WHAT THE TASK REQUIRES: Write out each line of the entries below that holds the word "Digital".

*** GIVEN RECORDS ***

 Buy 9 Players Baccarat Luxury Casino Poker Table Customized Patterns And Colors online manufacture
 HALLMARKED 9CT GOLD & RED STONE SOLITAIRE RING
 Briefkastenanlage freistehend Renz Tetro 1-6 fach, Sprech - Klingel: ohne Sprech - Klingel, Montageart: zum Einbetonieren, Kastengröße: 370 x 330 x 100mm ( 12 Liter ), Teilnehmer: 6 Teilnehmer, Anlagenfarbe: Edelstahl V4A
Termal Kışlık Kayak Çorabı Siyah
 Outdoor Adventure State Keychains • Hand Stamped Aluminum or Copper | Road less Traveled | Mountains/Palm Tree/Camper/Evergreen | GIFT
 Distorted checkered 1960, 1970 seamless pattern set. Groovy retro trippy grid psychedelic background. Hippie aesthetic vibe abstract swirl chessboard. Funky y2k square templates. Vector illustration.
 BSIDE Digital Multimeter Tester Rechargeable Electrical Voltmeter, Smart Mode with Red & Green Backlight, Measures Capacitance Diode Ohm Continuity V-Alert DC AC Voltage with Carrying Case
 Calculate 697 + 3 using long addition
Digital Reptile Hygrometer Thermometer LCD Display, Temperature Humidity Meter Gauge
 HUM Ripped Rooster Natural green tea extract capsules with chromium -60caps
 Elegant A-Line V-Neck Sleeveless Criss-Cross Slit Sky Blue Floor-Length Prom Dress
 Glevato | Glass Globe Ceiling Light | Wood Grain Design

***
*** GIVEN RECORDS ***

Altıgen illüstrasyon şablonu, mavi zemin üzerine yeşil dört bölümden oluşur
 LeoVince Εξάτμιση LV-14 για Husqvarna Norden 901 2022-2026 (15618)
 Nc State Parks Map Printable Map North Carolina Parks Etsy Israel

***
*** GIVEN RECORDS ***

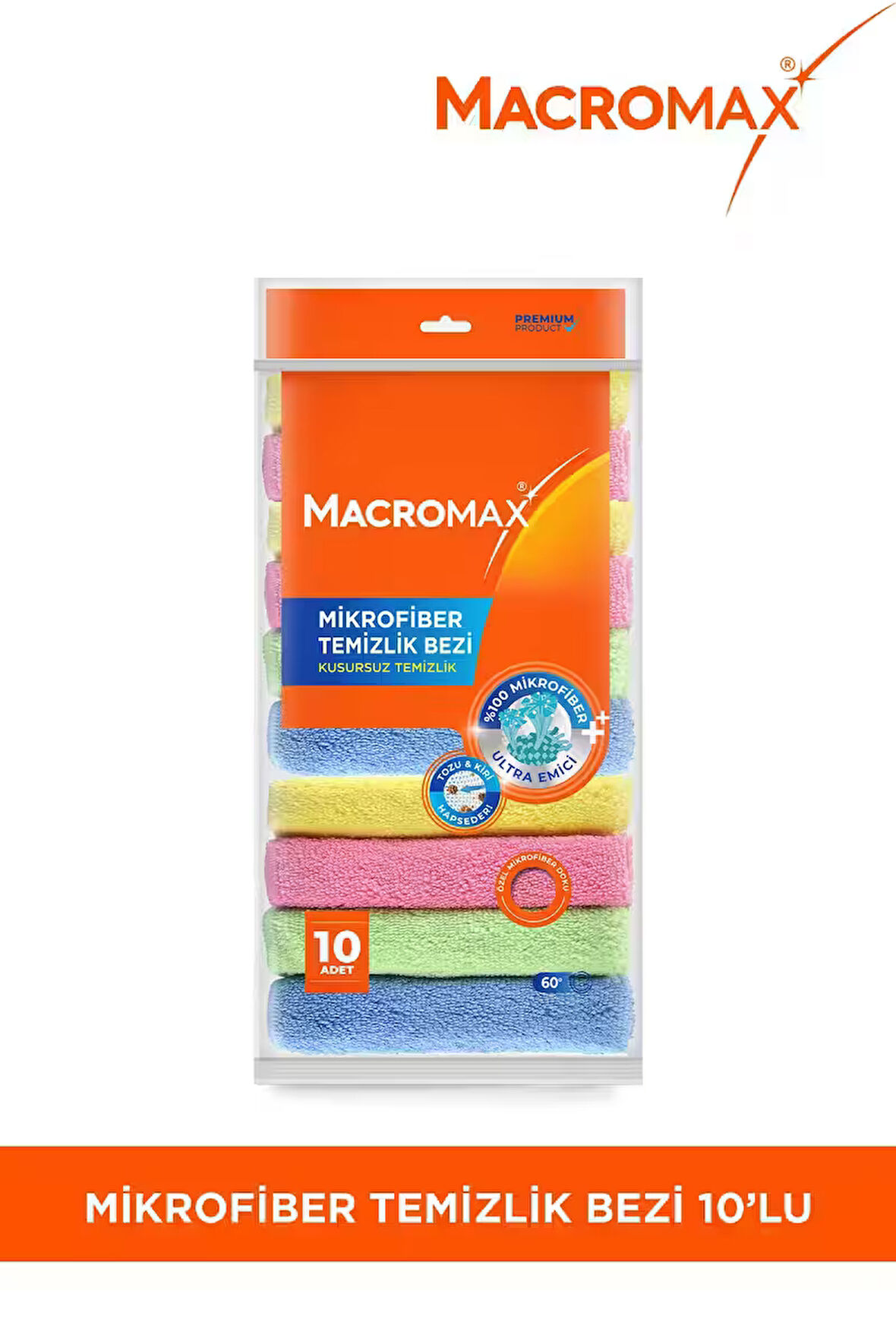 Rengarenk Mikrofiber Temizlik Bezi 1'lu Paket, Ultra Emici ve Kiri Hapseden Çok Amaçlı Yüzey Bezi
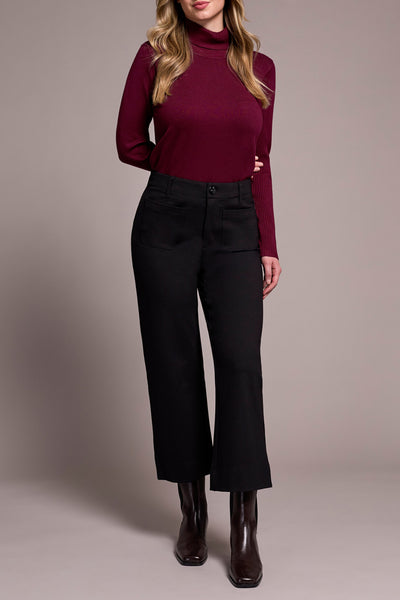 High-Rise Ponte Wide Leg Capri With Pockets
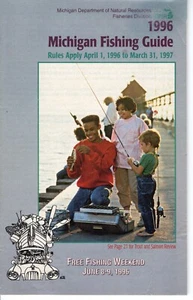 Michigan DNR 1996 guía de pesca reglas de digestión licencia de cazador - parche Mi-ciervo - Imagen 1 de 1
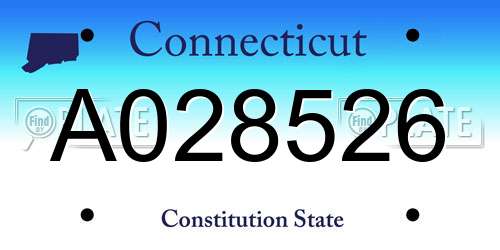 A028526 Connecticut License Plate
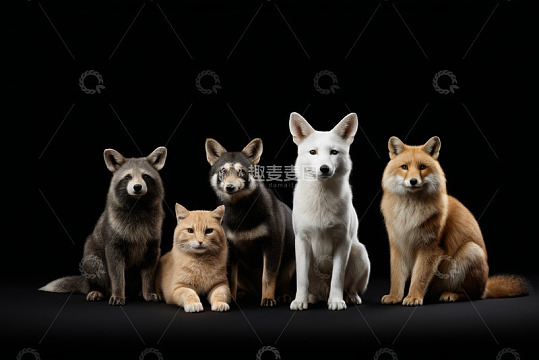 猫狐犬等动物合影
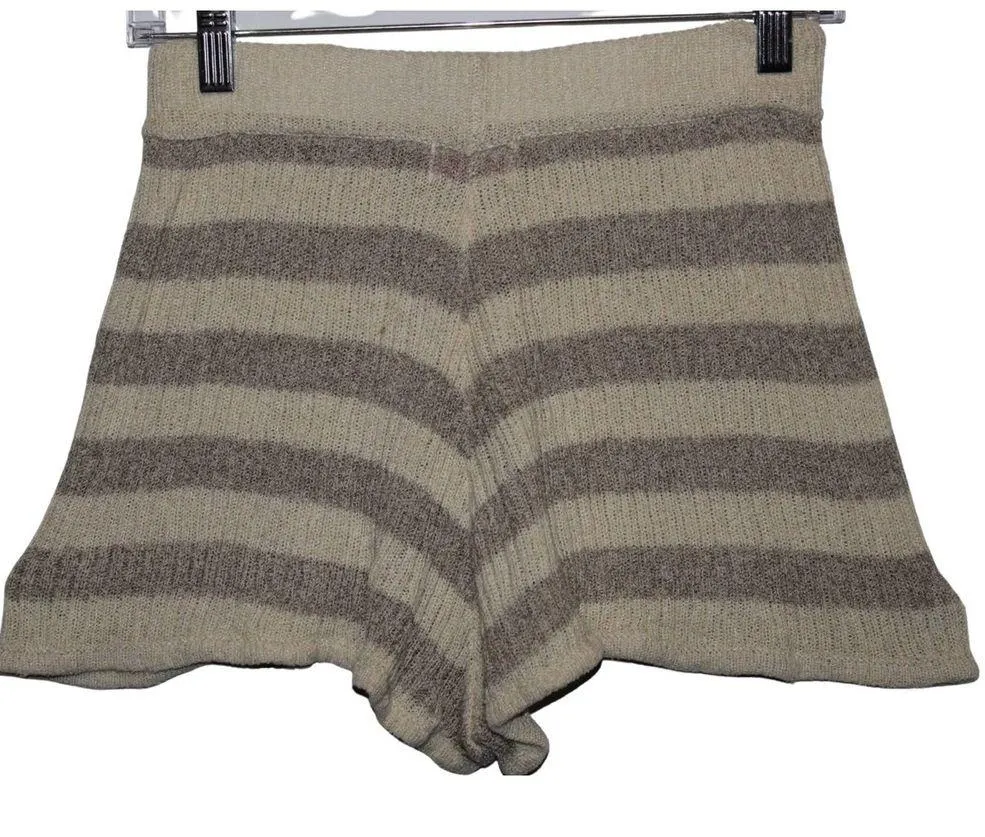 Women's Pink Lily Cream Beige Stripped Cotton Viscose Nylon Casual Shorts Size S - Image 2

***

YOUR SOLUTION:
 BSIDE Digital Multimeter Tester Rechargeable Electrical Voltmeter, Smart Mode with Red & Green Backlight, Measures Capacitance Diode Ohm Continuity V-Alert DC AC Voltage with Carrying Case
Digital Reptile Hygrometer Thermometer LCD Display, Temperature Humidity Meter Gauge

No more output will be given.